Feature Detection and Matching

10 Apr 2019

Reading time ~8 minutes

1. Feature Extraction Overview

1.1 Image Features

Classical features fall into three families: corners, edges, and regions. Corners (often called interest points, keypoints, or simply features) are especially popular because small motions in any direction trigger large intensity changes, making them reliable landmarks.

1.2 Feature Detection and Matching

A feature consists of a keypoint location and a descriptor that encodes the appearance around that location. Two features match when their descriptors lie close to one another in descriptor space. Widely used detectors include SIFT, SURF, and ORB.

1.2.1 SIFT

Scale-Invariant Feature Transform (SIFT), introduced by David Lowe in 1999, proceeds in four stages:

Scale-space extrema detection. Construct a scale space with Difference-of-Gaussian (DoG) filters and find potential scale- and orientation-invariant interest points.
Keypoint localization. Fit a quadratic model around each candidate to refine the position and reject unstable points.
Orientation assignment. Use local gradient orientations to assign one or more canonical directions so that subsequent processing is rotation invariant.
Descriptor construction. Measure local gradients at the selected scale and pool them into histograms that tolerate local deformations and illumination changes.
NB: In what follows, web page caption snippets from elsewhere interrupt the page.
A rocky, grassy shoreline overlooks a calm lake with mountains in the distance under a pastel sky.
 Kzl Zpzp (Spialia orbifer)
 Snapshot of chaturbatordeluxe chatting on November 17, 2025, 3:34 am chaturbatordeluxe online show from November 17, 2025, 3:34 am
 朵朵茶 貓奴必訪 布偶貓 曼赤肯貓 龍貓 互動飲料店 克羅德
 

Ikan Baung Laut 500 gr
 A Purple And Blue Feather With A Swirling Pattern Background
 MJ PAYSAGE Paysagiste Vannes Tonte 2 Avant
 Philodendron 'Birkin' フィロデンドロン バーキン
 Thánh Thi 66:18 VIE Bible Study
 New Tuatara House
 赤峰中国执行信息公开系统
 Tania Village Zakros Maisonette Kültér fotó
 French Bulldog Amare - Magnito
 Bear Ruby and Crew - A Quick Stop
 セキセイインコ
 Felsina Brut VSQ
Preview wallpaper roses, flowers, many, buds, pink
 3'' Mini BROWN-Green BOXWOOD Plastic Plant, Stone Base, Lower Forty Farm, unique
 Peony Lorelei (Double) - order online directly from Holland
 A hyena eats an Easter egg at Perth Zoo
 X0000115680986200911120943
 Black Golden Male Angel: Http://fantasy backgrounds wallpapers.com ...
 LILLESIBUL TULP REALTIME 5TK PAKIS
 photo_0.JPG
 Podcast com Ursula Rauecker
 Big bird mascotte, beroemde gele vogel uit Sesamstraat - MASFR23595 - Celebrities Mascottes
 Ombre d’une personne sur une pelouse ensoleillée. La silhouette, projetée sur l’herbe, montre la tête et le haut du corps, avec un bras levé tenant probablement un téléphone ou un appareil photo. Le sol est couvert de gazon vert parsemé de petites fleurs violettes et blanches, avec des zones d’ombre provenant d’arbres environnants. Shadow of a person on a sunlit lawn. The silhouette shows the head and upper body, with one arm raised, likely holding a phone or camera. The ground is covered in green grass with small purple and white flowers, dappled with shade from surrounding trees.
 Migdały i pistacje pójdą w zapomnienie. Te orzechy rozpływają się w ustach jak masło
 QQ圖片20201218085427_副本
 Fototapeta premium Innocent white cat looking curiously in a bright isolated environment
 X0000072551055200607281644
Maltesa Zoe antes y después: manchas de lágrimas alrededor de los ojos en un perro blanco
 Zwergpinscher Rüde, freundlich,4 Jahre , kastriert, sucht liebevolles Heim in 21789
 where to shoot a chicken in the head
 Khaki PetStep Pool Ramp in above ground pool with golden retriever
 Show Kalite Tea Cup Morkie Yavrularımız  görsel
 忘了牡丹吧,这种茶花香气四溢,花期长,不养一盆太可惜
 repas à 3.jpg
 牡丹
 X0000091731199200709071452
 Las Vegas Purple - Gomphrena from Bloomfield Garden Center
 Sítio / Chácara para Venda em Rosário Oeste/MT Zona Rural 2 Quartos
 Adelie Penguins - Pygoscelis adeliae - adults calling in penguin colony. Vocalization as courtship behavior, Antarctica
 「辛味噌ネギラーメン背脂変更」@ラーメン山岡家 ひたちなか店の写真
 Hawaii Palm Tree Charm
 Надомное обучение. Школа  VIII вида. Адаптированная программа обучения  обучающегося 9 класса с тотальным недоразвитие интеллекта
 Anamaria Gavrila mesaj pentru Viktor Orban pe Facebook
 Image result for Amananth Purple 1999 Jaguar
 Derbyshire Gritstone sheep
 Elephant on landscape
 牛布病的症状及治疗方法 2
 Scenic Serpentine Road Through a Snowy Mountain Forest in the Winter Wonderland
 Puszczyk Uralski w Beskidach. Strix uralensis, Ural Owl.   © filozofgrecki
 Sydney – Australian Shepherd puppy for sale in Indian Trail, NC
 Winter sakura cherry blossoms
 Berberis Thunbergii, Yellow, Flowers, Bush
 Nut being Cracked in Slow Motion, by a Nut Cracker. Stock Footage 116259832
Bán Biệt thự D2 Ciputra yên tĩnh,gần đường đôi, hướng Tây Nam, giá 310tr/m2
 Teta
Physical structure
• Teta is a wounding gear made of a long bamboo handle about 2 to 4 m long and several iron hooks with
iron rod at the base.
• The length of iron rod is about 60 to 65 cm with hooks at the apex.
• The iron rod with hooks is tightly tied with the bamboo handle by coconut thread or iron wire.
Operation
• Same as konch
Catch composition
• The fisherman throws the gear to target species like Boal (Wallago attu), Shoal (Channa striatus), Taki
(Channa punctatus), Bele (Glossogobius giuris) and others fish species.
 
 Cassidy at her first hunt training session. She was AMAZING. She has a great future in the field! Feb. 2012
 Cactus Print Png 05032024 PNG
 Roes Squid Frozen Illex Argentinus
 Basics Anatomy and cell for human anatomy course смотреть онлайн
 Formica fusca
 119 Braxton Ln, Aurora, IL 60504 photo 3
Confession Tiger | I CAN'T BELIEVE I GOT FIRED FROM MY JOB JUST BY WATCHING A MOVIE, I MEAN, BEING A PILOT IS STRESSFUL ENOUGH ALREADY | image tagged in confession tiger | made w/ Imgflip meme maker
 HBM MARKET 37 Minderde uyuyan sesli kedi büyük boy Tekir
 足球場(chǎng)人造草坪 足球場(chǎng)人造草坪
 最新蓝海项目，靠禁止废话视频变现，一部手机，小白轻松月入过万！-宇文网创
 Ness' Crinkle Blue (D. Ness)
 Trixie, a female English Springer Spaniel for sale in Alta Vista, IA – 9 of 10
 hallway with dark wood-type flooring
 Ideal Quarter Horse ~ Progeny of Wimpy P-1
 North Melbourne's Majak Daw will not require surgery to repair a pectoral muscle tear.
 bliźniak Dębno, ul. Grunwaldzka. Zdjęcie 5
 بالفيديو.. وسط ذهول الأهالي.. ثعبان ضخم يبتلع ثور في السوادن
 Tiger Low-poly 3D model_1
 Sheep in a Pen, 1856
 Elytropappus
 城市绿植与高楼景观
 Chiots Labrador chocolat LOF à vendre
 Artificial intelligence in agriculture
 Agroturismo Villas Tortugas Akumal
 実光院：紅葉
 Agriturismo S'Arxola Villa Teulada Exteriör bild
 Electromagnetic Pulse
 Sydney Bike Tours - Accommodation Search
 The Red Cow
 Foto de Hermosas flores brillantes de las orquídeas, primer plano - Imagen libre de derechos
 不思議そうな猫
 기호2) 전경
SIFT is robust to rotation, uniform scaling, and global brightness changes, and it tolerates a certain amount of viewpoint variation, affine distortion, and noise.

1.2.2 SURF

Speeded Up Robust Features (SURF), proposed by Herbert Bay et al. in 2006, accelerates SIFT by using integral images, approximated Gaussian derivatives, and simplified descriptors, enabling real-time deployment.

1.2.3 ORB

Oriented FAST and Rotated BRIEF (ORB) combines a FAST keypoint detector with a BRIEF descriptor, augmenting each with orientation and rotation invariance. Proposed in 2011 by Rublee et al., ORB’s optimizations yield roughly 100× the speed of SIFT and 10× the speed of SURF while remaining competitive in accuracy.

2. ORB Feature Detection and Matching

2.1 oFAST: FAST Keypoint Orientation

ORB inherits the FAST detector but augments it with an orientation estimate, producing oFAST keypoints.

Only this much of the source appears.